■ WHAT THE TASK ASKS ■
Give a verbatim quotation of every record.

■ SUPPLIED RECORDS ■
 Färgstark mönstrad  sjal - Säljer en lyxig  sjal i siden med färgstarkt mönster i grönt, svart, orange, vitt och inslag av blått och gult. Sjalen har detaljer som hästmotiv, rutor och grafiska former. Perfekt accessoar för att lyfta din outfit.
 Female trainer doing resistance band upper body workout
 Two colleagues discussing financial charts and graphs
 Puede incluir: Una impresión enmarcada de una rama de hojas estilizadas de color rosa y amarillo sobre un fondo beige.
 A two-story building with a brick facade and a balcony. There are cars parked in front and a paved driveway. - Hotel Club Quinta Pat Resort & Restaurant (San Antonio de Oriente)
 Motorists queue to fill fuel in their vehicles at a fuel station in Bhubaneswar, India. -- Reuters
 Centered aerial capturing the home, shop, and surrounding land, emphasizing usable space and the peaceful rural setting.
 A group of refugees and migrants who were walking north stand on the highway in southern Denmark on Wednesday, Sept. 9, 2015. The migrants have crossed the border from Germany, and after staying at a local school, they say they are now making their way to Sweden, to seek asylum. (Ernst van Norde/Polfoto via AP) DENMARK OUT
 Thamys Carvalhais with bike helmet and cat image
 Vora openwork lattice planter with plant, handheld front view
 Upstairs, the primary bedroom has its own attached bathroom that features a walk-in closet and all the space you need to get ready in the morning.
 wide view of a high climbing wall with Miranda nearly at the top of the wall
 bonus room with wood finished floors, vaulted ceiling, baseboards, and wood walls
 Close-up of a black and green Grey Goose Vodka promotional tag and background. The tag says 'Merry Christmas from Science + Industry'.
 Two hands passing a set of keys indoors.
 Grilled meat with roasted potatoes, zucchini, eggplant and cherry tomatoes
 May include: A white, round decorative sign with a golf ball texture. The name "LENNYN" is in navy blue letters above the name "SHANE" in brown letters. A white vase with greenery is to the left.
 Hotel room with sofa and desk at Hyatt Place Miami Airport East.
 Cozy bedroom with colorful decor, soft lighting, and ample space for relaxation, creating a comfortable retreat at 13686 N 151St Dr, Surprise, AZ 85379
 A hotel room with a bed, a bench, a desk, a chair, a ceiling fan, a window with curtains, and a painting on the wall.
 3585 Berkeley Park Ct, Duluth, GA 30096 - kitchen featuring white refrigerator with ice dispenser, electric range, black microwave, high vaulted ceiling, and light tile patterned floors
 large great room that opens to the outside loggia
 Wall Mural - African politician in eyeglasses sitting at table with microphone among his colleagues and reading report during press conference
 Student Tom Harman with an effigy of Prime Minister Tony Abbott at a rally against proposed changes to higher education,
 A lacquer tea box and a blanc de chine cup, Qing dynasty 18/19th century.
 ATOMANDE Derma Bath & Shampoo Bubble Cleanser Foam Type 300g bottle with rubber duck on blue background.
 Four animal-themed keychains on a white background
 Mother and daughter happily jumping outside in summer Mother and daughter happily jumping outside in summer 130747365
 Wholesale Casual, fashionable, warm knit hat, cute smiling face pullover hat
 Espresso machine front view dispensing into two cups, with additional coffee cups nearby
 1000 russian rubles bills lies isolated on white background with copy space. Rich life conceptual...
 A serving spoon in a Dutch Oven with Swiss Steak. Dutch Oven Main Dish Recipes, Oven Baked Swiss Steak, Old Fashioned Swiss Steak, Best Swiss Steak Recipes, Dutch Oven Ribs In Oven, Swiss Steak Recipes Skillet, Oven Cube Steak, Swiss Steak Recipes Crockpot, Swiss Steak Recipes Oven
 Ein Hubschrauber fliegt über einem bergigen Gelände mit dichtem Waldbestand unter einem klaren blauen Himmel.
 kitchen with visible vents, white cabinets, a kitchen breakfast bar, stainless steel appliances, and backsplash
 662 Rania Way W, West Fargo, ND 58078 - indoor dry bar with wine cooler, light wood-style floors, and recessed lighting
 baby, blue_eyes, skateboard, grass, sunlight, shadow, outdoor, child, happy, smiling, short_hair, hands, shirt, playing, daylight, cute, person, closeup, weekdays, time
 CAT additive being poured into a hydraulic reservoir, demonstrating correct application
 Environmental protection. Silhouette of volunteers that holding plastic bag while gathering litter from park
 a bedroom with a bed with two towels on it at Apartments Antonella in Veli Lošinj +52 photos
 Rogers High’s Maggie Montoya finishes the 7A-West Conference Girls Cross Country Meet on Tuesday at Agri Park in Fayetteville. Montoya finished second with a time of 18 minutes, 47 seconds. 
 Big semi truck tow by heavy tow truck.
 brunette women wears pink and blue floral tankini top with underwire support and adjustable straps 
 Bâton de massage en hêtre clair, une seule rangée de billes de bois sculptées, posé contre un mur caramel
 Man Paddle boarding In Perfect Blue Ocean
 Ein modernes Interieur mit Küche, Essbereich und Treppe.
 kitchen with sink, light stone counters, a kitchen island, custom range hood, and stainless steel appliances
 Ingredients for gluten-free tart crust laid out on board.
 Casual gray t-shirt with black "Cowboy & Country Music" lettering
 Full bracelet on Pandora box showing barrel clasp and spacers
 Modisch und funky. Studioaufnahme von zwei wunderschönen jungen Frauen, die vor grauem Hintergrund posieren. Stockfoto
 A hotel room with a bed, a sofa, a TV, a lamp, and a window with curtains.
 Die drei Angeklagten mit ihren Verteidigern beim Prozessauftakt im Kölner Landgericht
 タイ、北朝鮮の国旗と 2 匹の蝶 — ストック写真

■ ANSWER FOR THIS EXERCISE ■
 Färgstark mönstrad  sjal - Säljer en lyxig  sjal i siden med färgstarkt mönster i grönt, svart, orange, vitt och inslag av blått och gult. Sjalen har detaljer som hästmotiv, rutor och grafiska former. Perfekt accessoar för att lyfta din outfit.
 Female trainer doing resistance band upper body workout
 Two colleagues discussing financial charts and graphs
 Puede incluir: Una impresión enmarcada de una rama de hojas estilizadas de color rosa y amarillo sobre un fondo beige.
 A two-story building with a brick facade and a balcony. There are cars parked in front and a paved driveway. - Hotel Club Quinta Pat Resort & Restaurant (San Antonio de Oriente)
 Motorists queue to fill fuel in their vehicles at a fuel station in Bhubaneswar, India. -- Reuters
 Centered aerial capturing the home, shop, and surrounding land, emphasizing usable space and the peaceful rural setting.
 A group of refugees and migrants who were walking north stand on the highway in southern Denmark on Wednesday, Sept. 9, 2015. The migrants have crossed the border from Germany, and after staying at a local school, they say they are now making their way to Sweden, to seek asylum. (Ernst van Norde/Polfoto via AP) DENMARK OUT
 Thamys Carvalhais with bike helmet and cat image
 Vora openwork lattice planter with plant, handheld front view
 Upstairs, the primary bedroom has its own attached bathroom that features a walk-in closet and all the space you need to get ready in the morning.
 wide view of a high climbing wall with Miranda nearly at the top of the wall
 bonus room with wood finished floors, vaulted ceiling, baseboards, and wood walls
 Close-up of a black and green Grey Goose Vodka promotional tag and background. The tag says 'Merry Christmas from Science + Industry'.
 Two hands passing a set of keys indoors.
 Grilled meat with roasted potatoes, zucchini, eggplant and cherry tomatoes
 May include: A white, round decorative sign with a golf ball texture. The name "LENNYN" is in navy blue letters above the name "SHANE" in brown letters. A white vase with greenery is to the left.
 Hotel room with sofa and desk at Hyatt Place Miami Airport East.
 Cozy bedroom with colorful decor, soft lighting, and ample space for relaxation, creating a comfortable retreat at 13686 N 151St Dr, Surprise, AZ 85379
 A hotel room with a bed, a bench, a desk, a chair, a ceiling fan, a window with curtains, and a painting on the wall.
 3585 Berkeley Park Ct, Duluth, GA 30096 - kitchen featuring white refrigerator with ice dispenser, electric range, black microwave, high vaulted ceiling, and light tile patterned floors
 large great room that opens to the outside loggia
 Wall Mural - African politician in eyeglasses sitting at table with microphone among his colleagues and reading report during press conference
 Student Tom Harman with an effigy of Prime Minister Tony Abbott at a rally against proposed changes to higher education,
 A lacquer tea box and a blanc de chine cup, Qing dynasty 18/19th century.
 ATOMANDE Derma Bath & Shampoo Bubble Cleanser Foam Type 300g bottle with rubber duck on blue background.
 Four animal-themed keychains on a white background
 Mother and daughter happily jumping outside in summer Mother and daughter happily jumping outside in summer 130747365
 Wholesale Casual, fashionable, warm knit hat, cute smiling face pullover hat
 Espresso machine front view dispensing into two cups, with additional coffee cups nearby
 1000 russian rubles bills lies isolated on white background with copy space. Rich life conceptual...
 A serving spoon in a Dutch Oven with Swiss Steak. Dutch Oven Main Dish Recipes, Oven Baked Swiss Steak, Old Fashioned Swiss Steak, Best Swiss Steak Recipes, Dutch Oven Ribs In Oven, Swiss Steak Recipes Skillet, Oven Cube Steak, Swiss Steak Recipes Crockpot, Swiss Steak Recipes Oven
 Ein Hubschrauber fliegt über einem bergigen Gelände mit dichtem Waldbestand unter einem klaren blauen Himmel.
 kitchen with visible vents, white cabinets, a kitchen breakfast bar, stainless steel appliances, and backsplash
 662 Rania Way W, West Fargo, ND 58078 - indoor dry bar with wine cooler, light wood-style floors, and recessed lighting
 baby, blue_eyes, skateboard, grass, sunlight, shadow, outdoor, child, happy, smiling, short_hair, hands, shirt, playing, daylight, cute, person, closeup, weekdays, time
 CAT additive being poured into a hydraulic reservoir, demonstrating correct application
 Environmental protection. Silhouette of volunteers that holding plastic bag while gathering litter from park
 a bedroom with a bed with two towels on it at Apartments Antonella in Veli Lošinj +52 photos
 Rogers High’s Maggie Montoya finishes the 7A-West Conference Girls Cross Country Meet on Tuesday at Agri Park in Fayetteville. Montoya finished second with a time of 18 minutes, 47 seconds. 
 Big semi truck tow by heavy tow truck.
 brunette women wears pink and blue floral tankini top with underwire support and adjustable straps 
 Bâton de massage en hêtre clair, une seule rangée de billes de bois sculptées, posé contre un mur caramel
 Man Paddle boarding In Perfect Blue Ocean
 Ein modernes Interieur mit Küche, Essbereich und Treppe.
 kitchen with sink, light stone counters, a kitchen island, custom range hood, and stainless steel appliances
 Ingredients for gluten-free tart crust laid out on board.
 Casual gray t-shirt with black "Cowboy & Country Music" lettering
 Full bracelet on Pandora box showing barrel clasp and spacers
 Modisch und funky. Studioaufnahme von zwei wunderschönen jungen Frauen, die vor grauem Hintergrund posieren. Stockfoto
 A hotel room with a bed, a sofa, a TV, a lamp, and a window with curtains.
 Die drei Angeklagten mit ihren Verteidigern beim Prozessauftakt im Kölner Landgericht
 タイ、北朝鮮の国旗と 2 匹の蝶 — ストック写真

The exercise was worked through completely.